_Aim of the task_
Within the lines below, the span from the line with "Woodland Bonsai Tree" to the line with "Orange Togo sofa", both ends included, is to be reproduced exactly, with pictures omitted.

_Input material_
▼
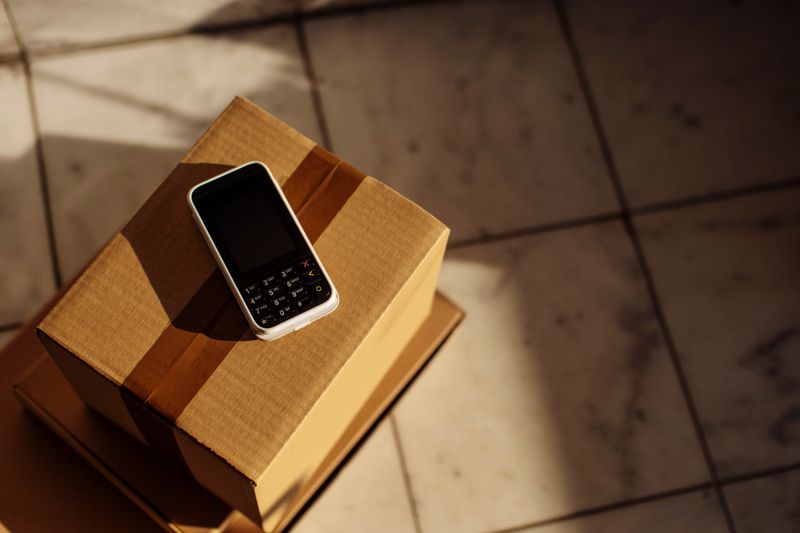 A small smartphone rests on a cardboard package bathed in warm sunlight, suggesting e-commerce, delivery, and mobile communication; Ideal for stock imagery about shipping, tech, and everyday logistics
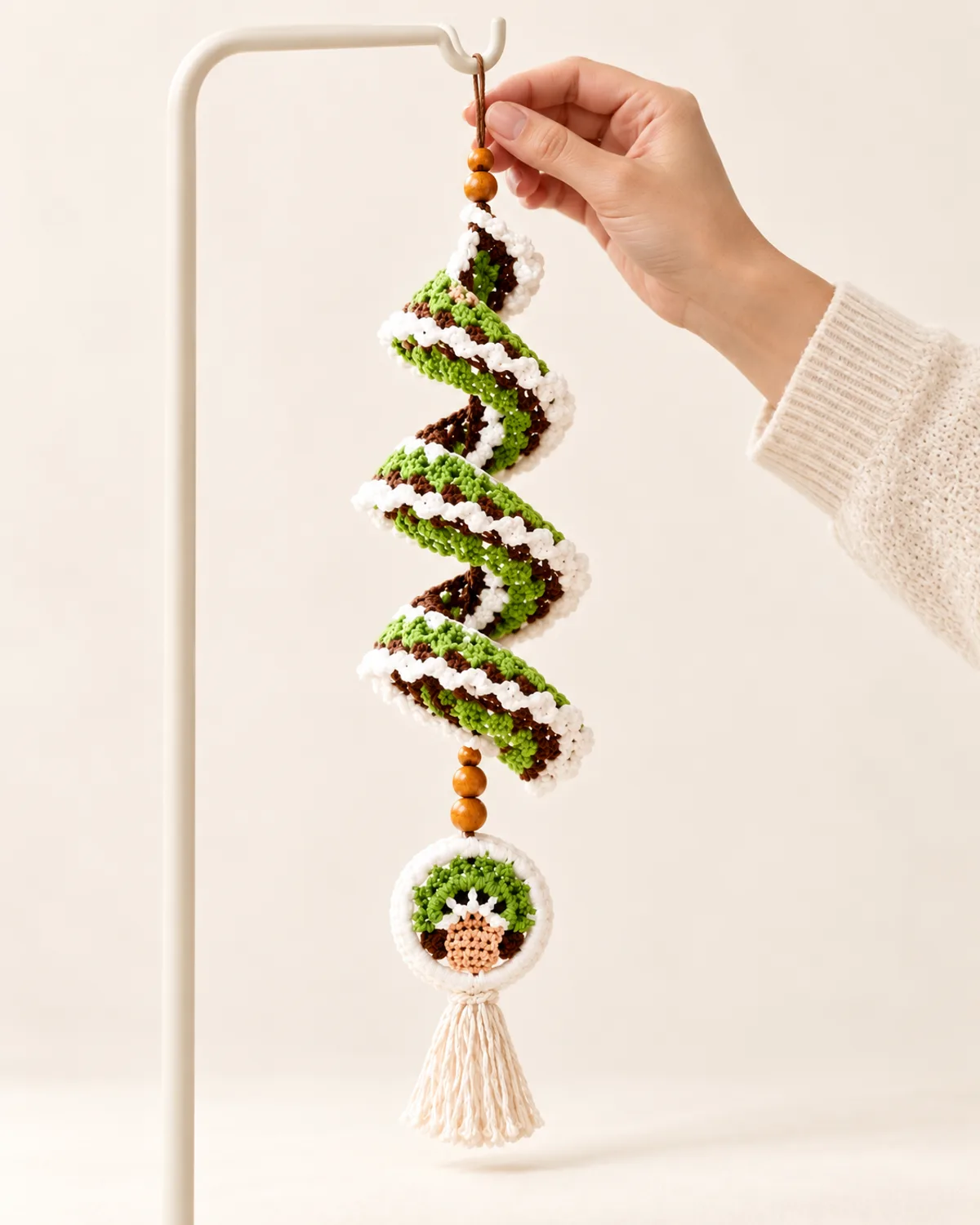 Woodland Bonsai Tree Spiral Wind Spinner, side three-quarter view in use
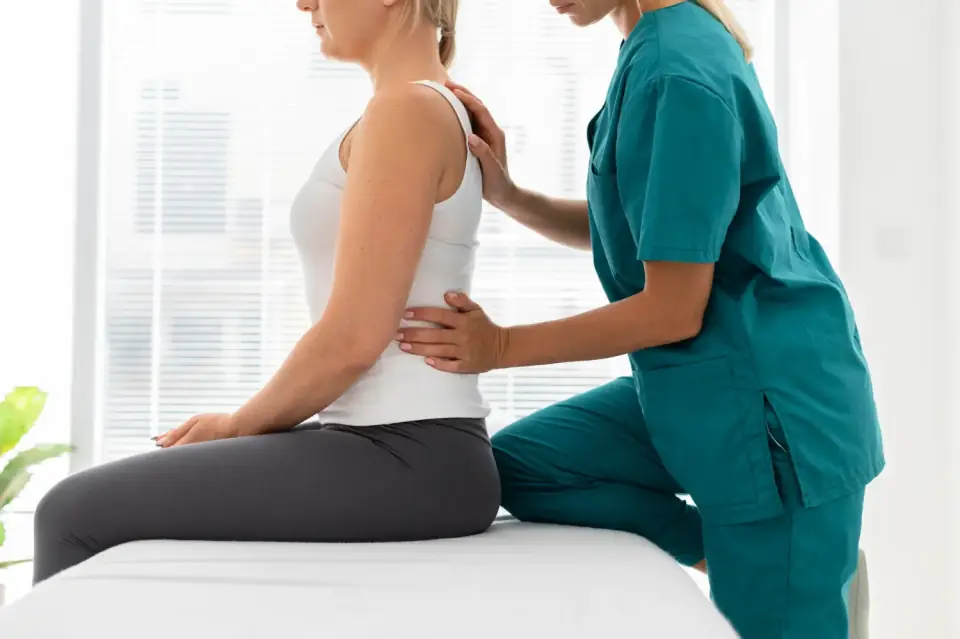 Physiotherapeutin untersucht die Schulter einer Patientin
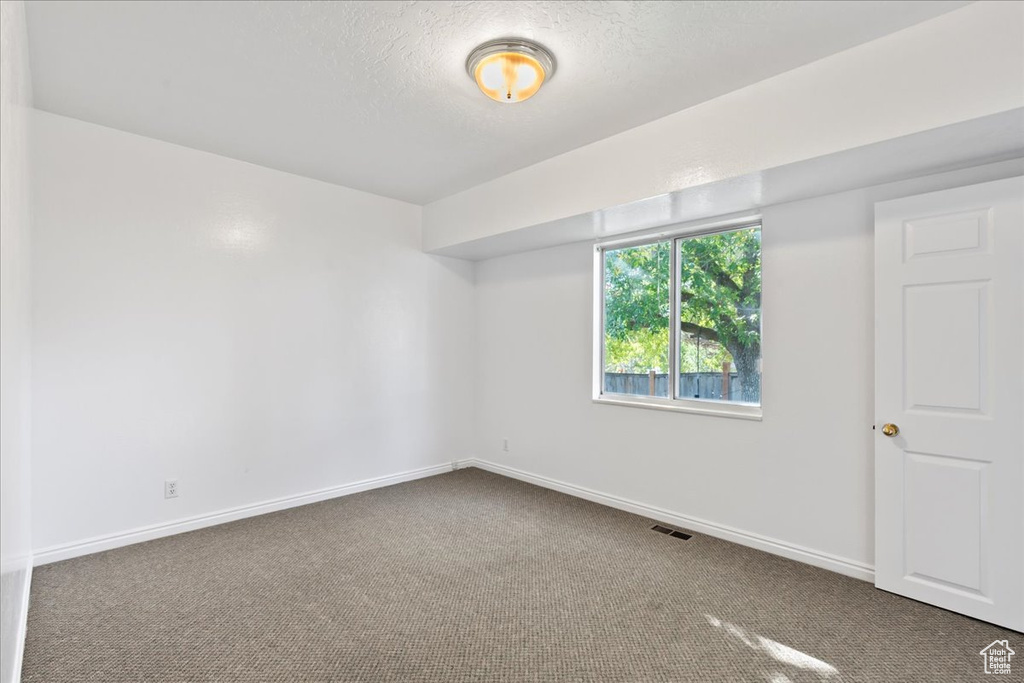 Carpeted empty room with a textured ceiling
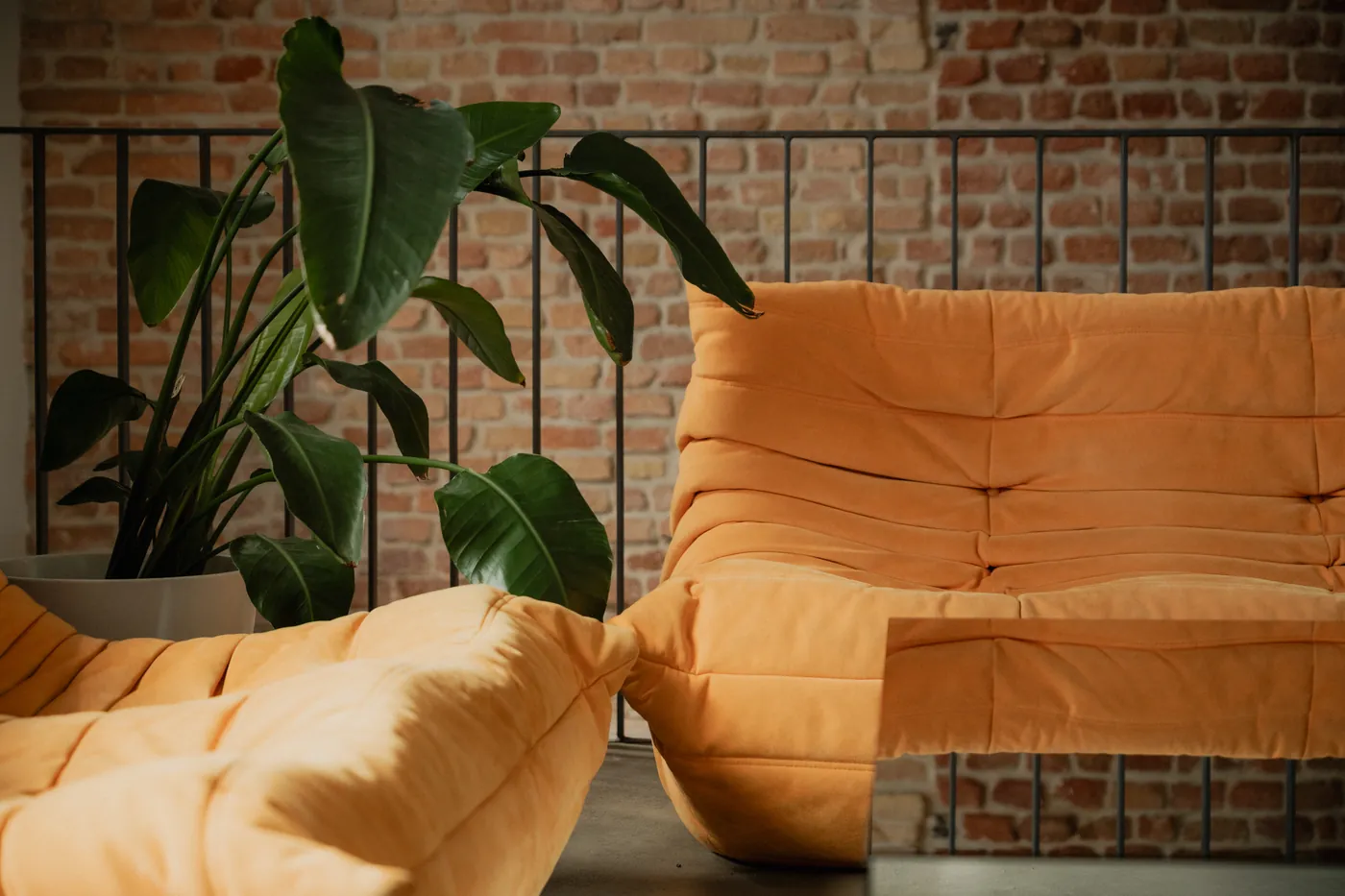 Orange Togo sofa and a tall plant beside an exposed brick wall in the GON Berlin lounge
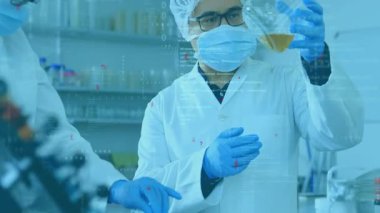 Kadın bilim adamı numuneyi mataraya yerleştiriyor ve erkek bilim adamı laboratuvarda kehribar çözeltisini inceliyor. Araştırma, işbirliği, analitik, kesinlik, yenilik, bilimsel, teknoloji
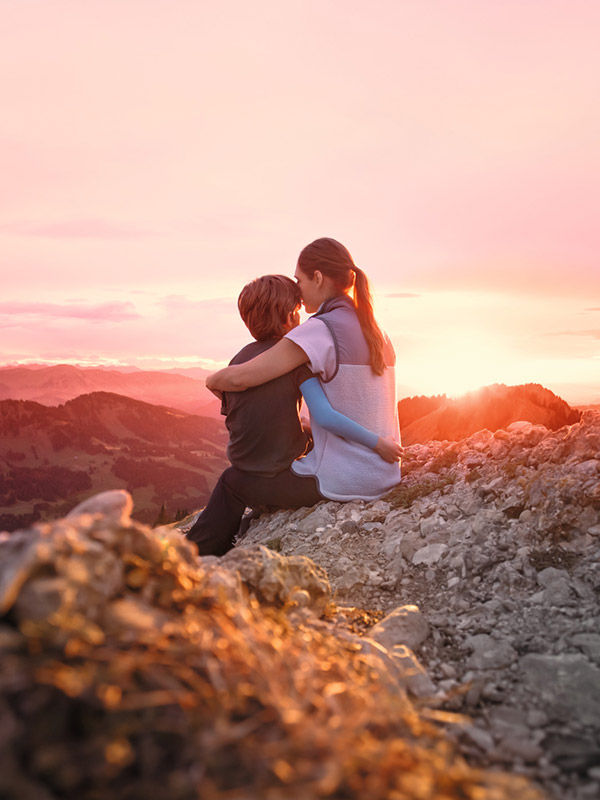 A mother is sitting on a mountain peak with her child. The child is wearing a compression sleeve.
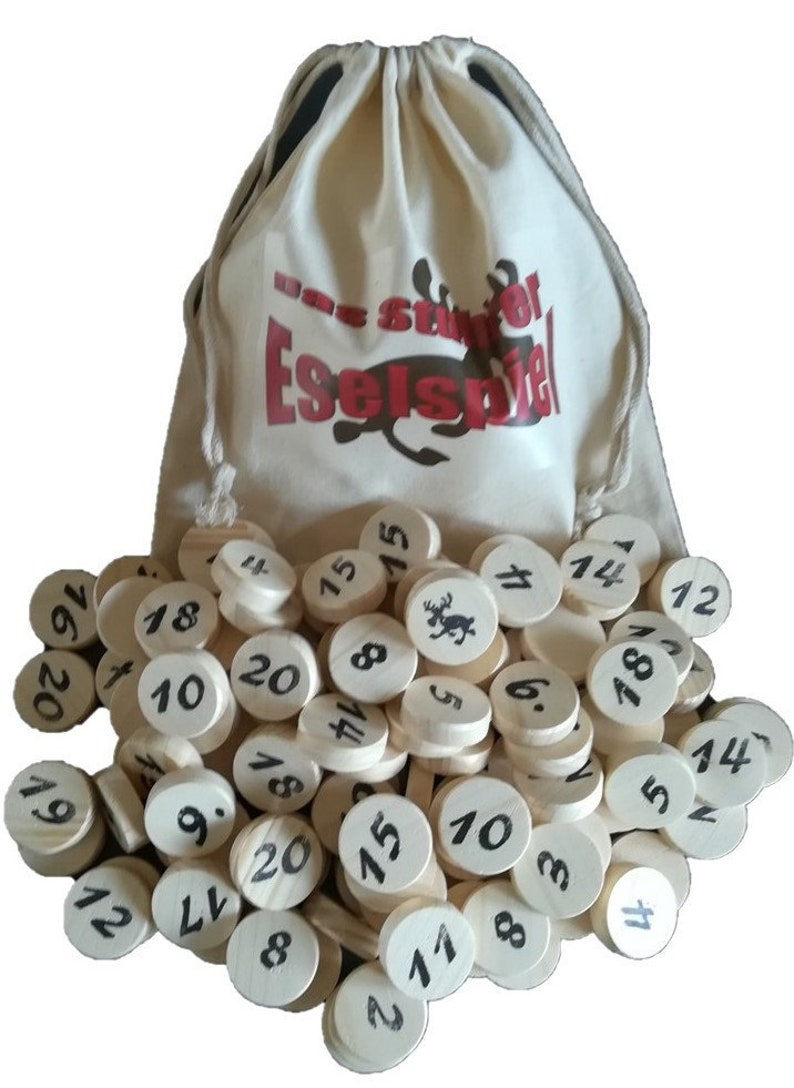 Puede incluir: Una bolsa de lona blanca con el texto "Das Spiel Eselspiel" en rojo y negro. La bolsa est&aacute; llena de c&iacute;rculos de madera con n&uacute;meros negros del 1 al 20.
▲
_Result of this exercise_
 Woodland Bonsai Tree Spiral Wind Spinner, side three-quarter view in use
 Physiotherapeutin untersucht die Schulter einer Patientin
 Carpeted empty room with a textured ceiling
 Orange Togo sofa and a tall plant beside an exposed brick wall in the GON Berlin lounge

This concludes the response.